Uma das mais importantes considerações da compreensão sistêmica da vida é a do reconhecimento que redes constituem o padrão básico de organização de todo e qualquer sistema vivente. Ecossistemas são entendidos em forma de teias de alimento (isto é, redes de organismos); organismos são redes de células; e células são redes de moléculas. Rede é um padrão comum a todo tipo de vida.

Onde quer que nos deparemos com vida, constatamos redes. Um exame mais próximo destas redes de vida demonstra que sua característica chave implica autogeração. Em uma célula, por exemplo, todas as estruturas biológicas são produzidas, reparadas e regeneradas de forma continua por uma rede de reações químicas. Similarmente, ao nível de um organismo multicelular, as células do corpo são continuamente regeneradas e recicladas pela rede metabólica do organismo. Redes vivas de forma contínua criam ou recriam a si próprias, quer transformando ou substituindo seus componentes.

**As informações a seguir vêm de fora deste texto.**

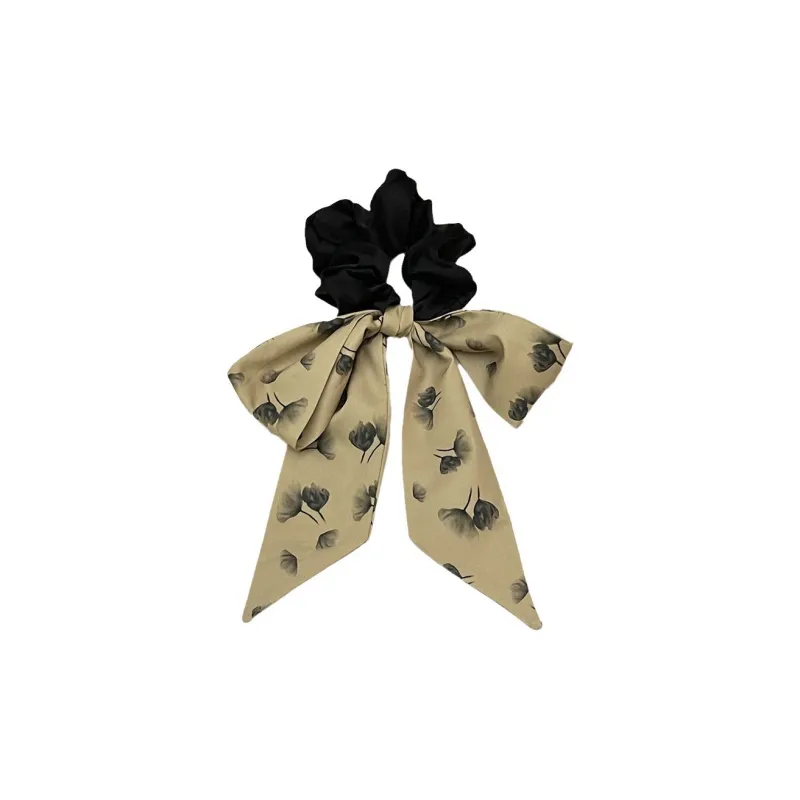 WEST ISLAND Fabric Hair Tie Unisex-0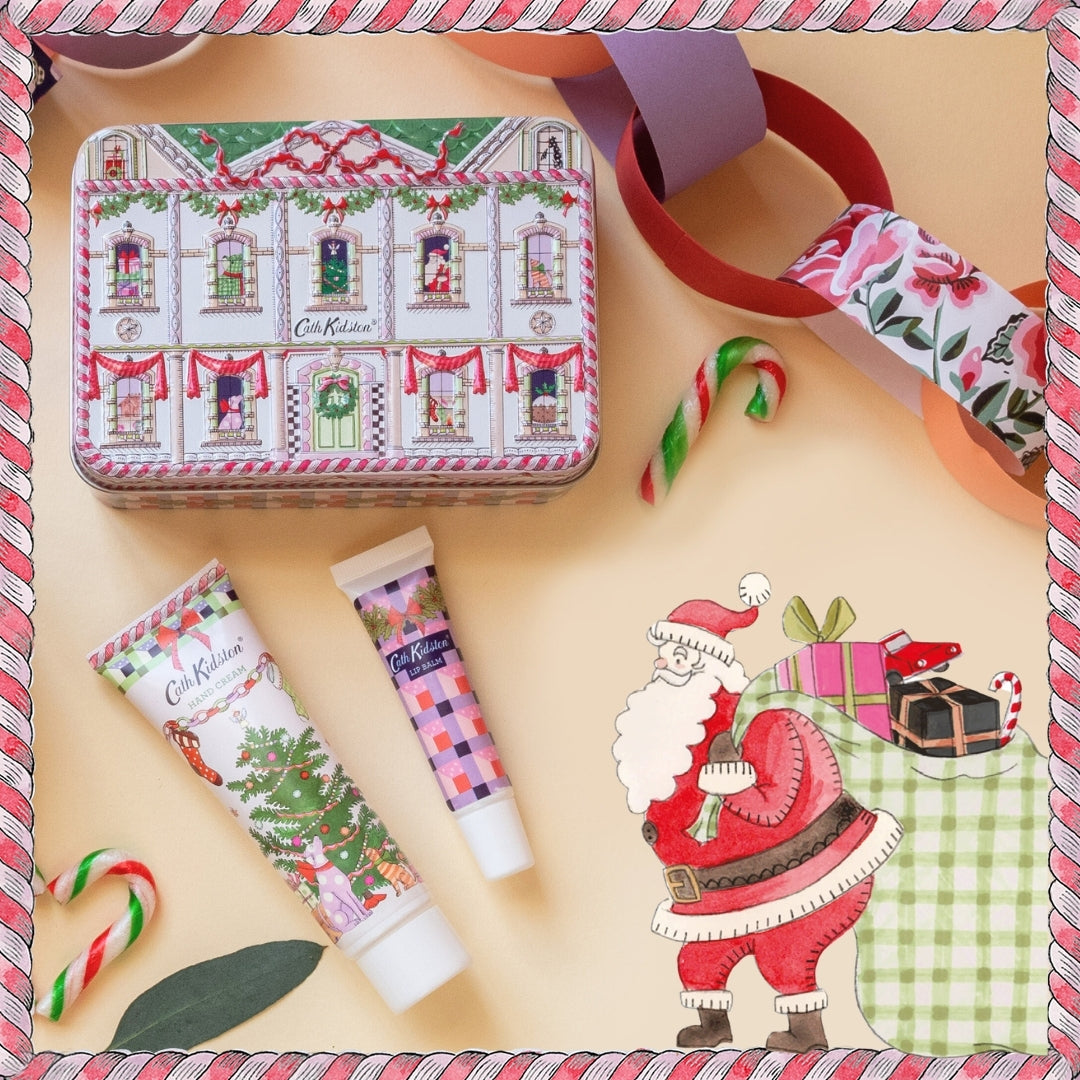 A Doll's House Hand & Lip Tin Gift Set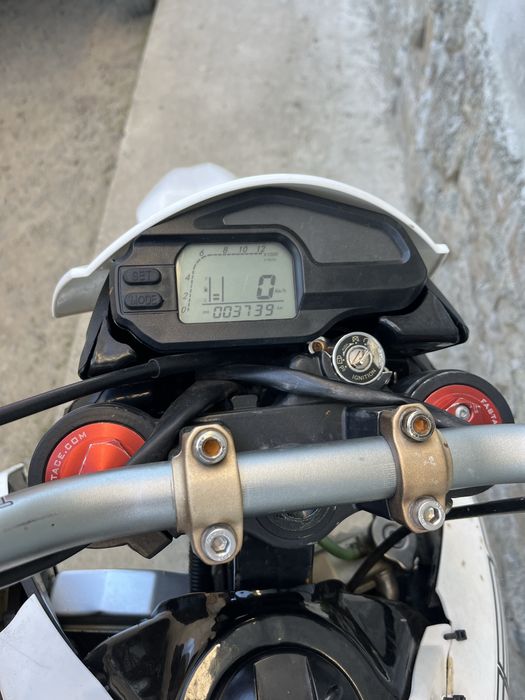 Geon Dakar 250 twinCam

A vida no campo social também pode ser compreendida em termos de rede, mas não estamos aqui abordando reações químicas; e sim comunicações. Redes vivas em comunidades humanas são as redes de comunicação. Assim como as redes biológicas são também autogeradoras, mas o que geram é especialmente o impalpável. Cada comunicação cria pensamentos e significados, os quais por sua vez dão lugar a comunicações posteriores, e assim uma rede inteira gera a si própria.

À medida que comunicações continuam a se desenvolver na rede social, eventualmente produzirão um sistema compartilhado de crenças, explicações, e valores — um contexto comum de significados, conhecidos como cultura, o qual é continuadamente sustentado por comunicações adicionais. É através da cultura que os indivíduos adquirem identidade como membros da rede social.

A análise de similaridades e diferenças entre redes biológica e social é central a minha síntese da nova abordagem cientifica da vida. Meu objetivo não é tão somente oferecer uma visão unificada de vida, mente e sociedade, mas também desenvolver uma abordagem sistêmica, coerente com os tópicos críticos de nosso tempo.

À medida que este novo século desponta, dois desenvolvimentos resultarão em impactos de monta no bem estar e no modus vivendi da humanidade. Ambos tem tudo a ver com redes e ambos radicalmente envolvem novas tecnologias. Um deles é o crescimento global do capitalismo, o outro a criação de comunidades sustentáveis lastreadas na prática do planejamento ecológico (ecodesign). No que tange ao capitalismo global, as redes eletrônicas de financiamento e de fluxo da informação, e quanto ao eco-planejamento (ecodesign) as redes ecológicas de energia e o fluxo de material. O objetivo da economia global no seu contexto atual é maximizar a riqueza e o poder de suas elites; o objetivo do eco-planejamento (ecodesign) é maximizar a sustentabilidade da teia da vida. Permitam-me agora rever estes dois desenvolvimentos em maiores detalhes.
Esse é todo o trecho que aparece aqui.